Yo pues hermanos mios, cuando fuí a vosotros a predicaros el testimonio o evangelio de cristo, no fui con sublimes discursos, ni sabiduria humana.2 Puesto que no me he preciado de saber otra cosa entre vosotros, sino a jesus, y este crucificado. 3 Y mientras estuve ahí entre vosotros, estuve siempre con mucha pusilanimidad o humillacion, mucho temor y en continuo susto:4 Y mi modo de hablar, y mi predicación, no fue con palabras persuasivas de humano saber, pero si con los efectos sensibles del espiritu y de la virtud de Dios: 5 Para que vuestra fe no estribe en saber de hombres, sin en el poder de Dios. 8 sabiduria que ninguno de los principes de este siglo ha entendido:que si la hubiesen entendido nunca hubiesen crucificado al señor de la gloria:9 Y del cual está escrito Ni ojo vio, ni oreja oyo, ni pasó a hombre por pensamineto cuales cosas tiene Dios preparadas para aquellos que le aman. 13 las cuales por eso tratamos no con palabras estudiadas de humana ciencia, sino conforme nos enseña el espiritu de Dios
San juan, IX, 39-41
Y añadio Jesus: Yo vine a este mundo á ejercer un justo juicio, para que los que no ven vean: y los que ven ó soberbios presumen ver queden ciegos.40, oyeron esto algunos phariseos, que estaban con él, y le dijeron: pues que ¿nosotros somos tambien ciegos? Respondióles jesus: si fueras ciegos, no tendriaís pecado: pero por lo mismo que decís Nosotros vemos, y os juzgais muy instruidos, por eso vuestro pecado persevera en vosotros.
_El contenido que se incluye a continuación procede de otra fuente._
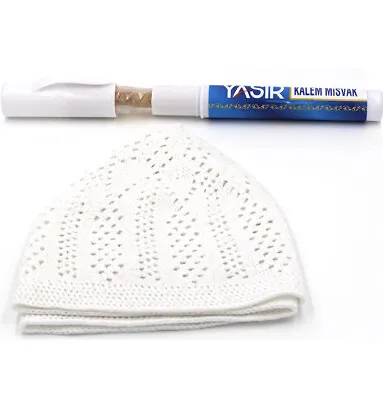 $10.98 • Buy Turkish Islamic Miswak Sewak Natural Toothbrush + Holder & Men's White Knit Kufi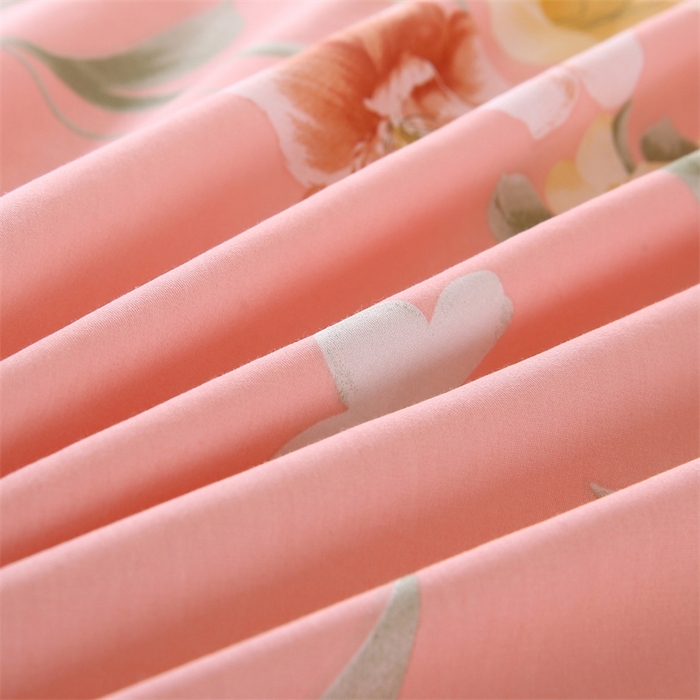 91家纺网 家纺一手货源 找家纺 梦舒羽2025新款全棉小清新印花加厚宿舍床单床裙款四件套 圣洁粉-全棉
Epistola San Pablo A los Efesios, IV, 13,14,17 - 24
Hasta que arribemos todos a la unidad de una misma fe, y de un mismo conocimiento del hijo de Dios, al estado de un varon perfecto, á la medida de la edad perfecta segun la cual Christo se ha de formar misticamente en nosotros:14 por manera que ya no seamos niños fluctuantes,ni nos dejemos llevar aquí y allá de todos los vientos y opiniones humanas por la malignidad de los hombres, que engañan con astucia para introducir al error. 17 Os advierto pues, y yo os conjuro de parte del señor, que ya no vivais como todavia viven los otros gentiles que proceden en su conducta segun la vanidad de sus pensamientos, 18 teniendo oscurecido y lleno de tinieblas el entendimiento, ajenos enteramente de vivir segun Dios, por la Ignorancia en la que estan, á causa de la ceguedad ó dureza de su corazón. 19 los cuales no teniendo ninguna esperanza, se abandonan á la disolución, para zambullirse con un ardor insaciable en toda suerte de impurezas. 20 Pero en cuanto a vosotros no es eso lo que habeis aprendido en la escuela de Jesucristo, 21 pues en ella habeis oido predicar y apredido segun la verdad de su doctrina. 22 A desnudaros del hombre viejo segun el cual habeis vivido en nuestra vida pasada, el cual se vicia siguiendo la ilusion de las pasiones 23 Renovaos pues ahora en el espiritu de vuestra mente ó interior de vuestra alma, 24 y revestíos del hombre nuevo, que ha sido creado conforme a la imagen de Dios en justicia y santidad verdadera.